Também aqui nos parece que eram cobrados dois dízimos, um ao rei outro ao senhorio (seriam os duques de Bragança ou antes a Paróquia de Santa Clara?). Os produtos tributados aqui eram: o pão, o vinho, o azeite, os legumes, o linho e a tinta. Por isso, esta realidade era exactamente igual em ambos os forais.
Mas as menções ao vinho da Vidigueira são ainda maiores. Nesta vila, existiam dois reguengos, isto é, propriedades do rei que eram arrendadas a particulares. Num deles, e a troco da exploração dos recursos, o arrendatário teria que abdicar de um quinto da produção do vinho e azeite como meio de pagamento à coroa. Também no anterior foral de Vila de Frades, há referência a existência dum reguengo, onde se pagava um quinto de toda a produção (é possível que o vinho aí estivesse integrado, embora o documento não especifique mais nesse caso).
Na Vidigueira, era ainda célebre a imposição do relego que determinava a época (os três primeiros meses de cada ano!) em que se vendia exclusivamente o vinho do rei dentro das vilas e cidades. Evidentemente, que o vinho vinha das terras reguengas que se encontravam na vila. Este sistema nada equitativo favorecia os interesses da Coroa e quem ousasse vender o seu vinho nesse período trimestral estipulado, sem licença ou autorização dos oficiais da coroa, seria alvo de coimas e, em caso de reincidência, poderia ficar sem o seu vinho que era entornado e a vasilha, que o armazenava, seria destruída.
No foral da Vidigueira, há referência a outros produtos, nomeadamente frutas, ortaliças, alhos secos, cebolas, madeira, pescado (este último seria transportado doutros sítios e não escapava ao tributo da portagem)...
Há inclusive referências à pastorícia, nomeadamente a porcos, vacas e galinhas (aliás, o carniceiro da vila não escapava ao pagamento da açougagem que, neste caso concreto, custaria 740 reáis por ano).
Imagem nº 2 - No Foral da Vidigueira, encontramos um número considerável de menções ao seu vinho.
Retirado do Livro dos Forais Novos de Entre Tejo e Odiana. Lisboa, [1501-1520]

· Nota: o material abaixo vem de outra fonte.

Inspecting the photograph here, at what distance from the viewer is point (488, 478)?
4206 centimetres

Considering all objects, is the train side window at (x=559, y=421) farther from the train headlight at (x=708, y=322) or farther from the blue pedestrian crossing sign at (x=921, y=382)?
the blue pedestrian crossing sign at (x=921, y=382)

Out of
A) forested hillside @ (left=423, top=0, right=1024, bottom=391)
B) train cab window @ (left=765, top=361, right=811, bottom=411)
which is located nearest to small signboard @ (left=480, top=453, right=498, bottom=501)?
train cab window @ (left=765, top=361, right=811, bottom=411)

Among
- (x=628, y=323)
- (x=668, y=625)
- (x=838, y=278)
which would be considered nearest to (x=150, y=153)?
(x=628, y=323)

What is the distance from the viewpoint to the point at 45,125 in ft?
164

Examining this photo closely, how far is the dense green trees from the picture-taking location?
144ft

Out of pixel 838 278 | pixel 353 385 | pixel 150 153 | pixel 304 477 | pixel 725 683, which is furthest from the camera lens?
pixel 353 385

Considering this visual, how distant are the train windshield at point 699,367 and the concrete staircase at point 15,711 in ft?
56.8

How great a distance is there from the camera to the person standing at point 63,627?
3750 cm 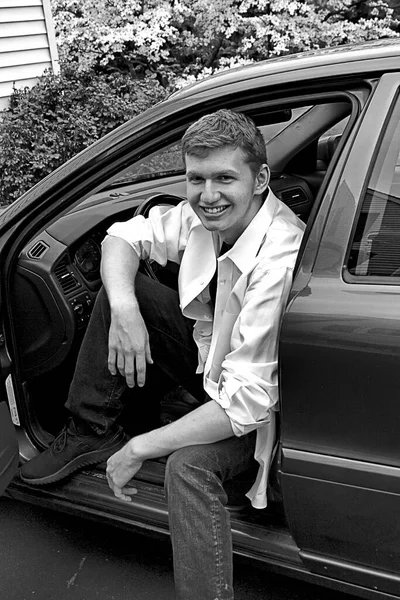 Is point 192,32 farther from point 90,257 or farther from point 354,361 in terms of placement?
point 354,361

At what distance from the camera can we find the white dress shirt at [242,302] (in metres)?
1.71

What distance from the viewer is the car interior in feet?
7.73

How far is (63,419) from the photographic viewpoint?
2.64 meters

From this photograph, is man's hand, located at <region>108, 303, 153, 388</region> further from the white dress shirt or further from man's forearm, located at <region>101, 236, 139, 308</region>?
the white dress shirt

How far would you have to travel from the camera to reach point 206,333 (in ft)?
6.93

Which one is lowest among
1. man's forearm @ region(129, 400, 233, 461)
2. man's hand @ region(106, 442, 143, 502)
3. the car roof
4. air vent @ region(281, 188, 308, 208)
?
man's hand @ region(106, 442, 143, 502)

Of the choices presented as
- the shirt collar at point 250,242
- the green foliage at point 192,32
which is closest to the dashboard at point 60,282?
the shirt collar at point 250,242

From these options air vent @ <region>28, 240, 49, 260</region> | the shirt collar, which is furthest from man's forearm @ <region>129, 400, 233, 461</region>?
air vent @ <region>28, 240, 49, 260</region>

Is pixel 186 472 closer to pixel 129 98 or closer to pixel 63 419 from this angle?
pixel 63 419

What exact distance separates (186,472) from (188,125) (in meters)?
0.97

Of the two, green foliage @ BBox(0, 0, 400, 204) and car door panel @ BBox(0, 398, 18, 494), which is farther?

Em jeito de conclusão, e depois de termos despendido algum tempo na transcrição paleográfica de determinadas passagens destes dois documentos históricos da era manuelina, podemos concluir que a tradição vinícola manteve a sua influência na região desde a Idade Antiga com os romanos, e depois na transição da era medieval para a moderna.

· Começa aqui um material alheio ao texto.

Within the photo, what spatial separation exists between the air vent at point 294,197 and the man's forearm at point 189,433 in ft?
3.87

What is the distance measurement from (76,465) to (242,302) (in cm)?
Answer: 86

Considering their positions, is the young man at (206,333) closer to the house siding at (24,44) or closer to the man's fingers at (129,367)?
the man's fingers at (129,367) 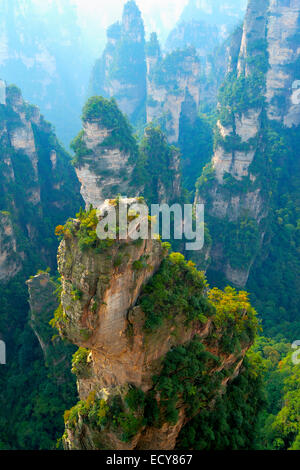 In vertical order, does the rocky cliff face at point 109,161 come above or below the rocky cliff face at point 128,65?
below

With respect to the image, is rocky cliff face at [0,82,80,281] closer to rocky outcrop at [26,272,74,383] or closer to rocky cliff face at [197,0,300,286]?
rocky outcrop at [26,272,74,383]

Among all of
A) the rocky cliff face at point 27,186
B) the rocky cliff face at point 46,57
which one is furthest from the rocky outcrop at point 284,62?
the rocky cliff face at point 46,57

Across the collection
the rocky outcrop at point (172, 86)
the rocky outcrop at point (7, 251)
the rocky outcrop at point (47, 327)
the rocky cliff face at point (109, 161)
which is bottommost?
the rocky outcrop at point (47, 327)

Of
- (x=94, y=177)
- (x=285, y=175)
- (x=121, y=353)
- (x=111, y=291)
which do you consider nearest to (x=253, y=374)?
(x=121, y=353)

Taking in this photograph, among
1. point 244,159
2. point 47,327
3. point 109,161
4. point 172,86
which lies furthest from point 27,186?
point 172,86

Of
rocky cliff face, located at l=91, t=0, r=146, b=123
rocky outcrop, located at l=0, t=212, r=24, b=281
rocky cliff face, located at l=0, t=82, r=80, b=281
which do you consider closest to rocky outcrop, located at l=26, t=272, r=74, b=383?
rocky outcrop, located at l=0, t=212, r=24, b=281

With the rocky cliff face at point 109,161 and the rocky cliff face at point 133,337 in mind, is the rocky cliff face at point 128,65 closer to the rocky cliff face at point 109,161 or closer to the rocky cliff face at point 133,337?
the rocky cliff face at point 109,161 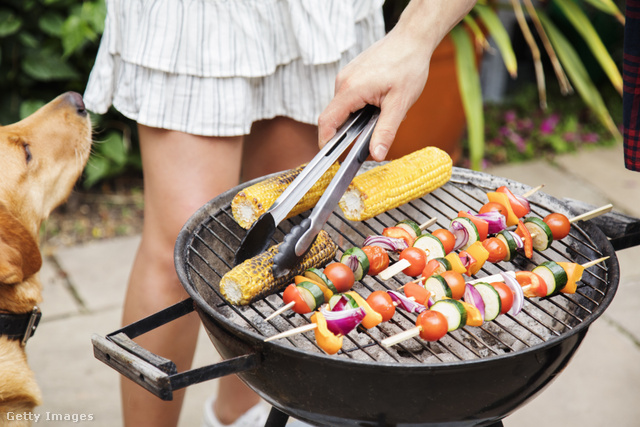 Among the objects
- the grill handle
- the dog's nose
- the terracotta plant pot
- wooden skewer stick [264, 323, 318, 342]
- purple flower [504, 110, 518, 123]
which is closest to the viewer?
the grill handle

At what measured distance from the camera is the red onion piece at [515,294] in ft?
6.19

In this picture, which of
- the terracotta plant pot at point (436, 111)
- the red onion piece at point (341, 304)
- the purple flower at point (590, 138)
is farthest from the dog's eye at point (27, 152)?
the purple flower at point (590, 138)

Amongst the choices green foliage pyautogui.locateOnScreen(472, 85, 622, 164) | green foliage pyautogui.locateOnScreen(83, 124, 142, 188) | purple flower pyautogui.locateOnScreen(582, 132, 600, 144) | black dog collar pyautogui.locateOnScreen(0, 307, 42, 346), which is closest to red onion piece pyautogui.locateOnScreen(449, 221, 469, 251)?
black dog collar pyautogui.locateOnScreen(0, 307, 42, 346)

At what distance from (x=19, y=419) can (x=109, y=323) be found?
1570 mm

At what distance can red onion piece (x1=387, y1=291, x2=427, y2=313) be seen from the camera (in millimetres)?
1857

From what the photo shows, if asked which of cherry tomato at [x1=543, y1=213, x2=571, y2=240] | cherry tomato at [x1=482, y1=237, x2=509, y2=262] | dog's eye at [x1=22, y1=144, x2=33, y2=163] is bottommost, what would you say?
dog's eye at [x1=22, y1=144, x2=33, y2=163]

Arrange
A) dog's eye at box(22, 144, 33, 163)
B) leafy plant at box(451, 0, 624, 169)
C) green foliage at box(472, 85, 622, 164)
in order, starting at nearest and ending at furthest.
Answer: dog's eye at box(22, 144, 33, 163), leafy plant at box(451, 0, 624, 169), green foliage at box(472, 85, 622, 164)

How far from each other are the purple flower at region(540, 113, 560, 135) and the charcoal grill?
3908 millimetres

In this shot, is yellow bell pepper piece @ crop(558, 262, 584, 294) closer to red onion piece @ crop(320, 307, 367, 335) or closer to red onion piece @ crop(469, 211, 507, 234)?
red onion piece @ crop(469, 211, 507, 234)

A tributação régia e/ou senhorial abrangia evidentemente o vinho, o que comprova a sua produção nestas duas vilas. Este era o preço a pagar para que os dois concelhos mantivessem, na altura, a sua autonomia e identidade...
Referências Consultadas:
- Livro dos Forais Novos de Entre Tejo e Odiana. Lisboa, [1501-1520]; O mesmo pode ser consultado digitalmente em: http://digitarq.dgarq.gov.pt/details?id=4223237
- CAETANO, José Palma - Vidigueira e o seu concelho. 2º Ed. Beja: Câmara Municipal da Vidigueira, 1994.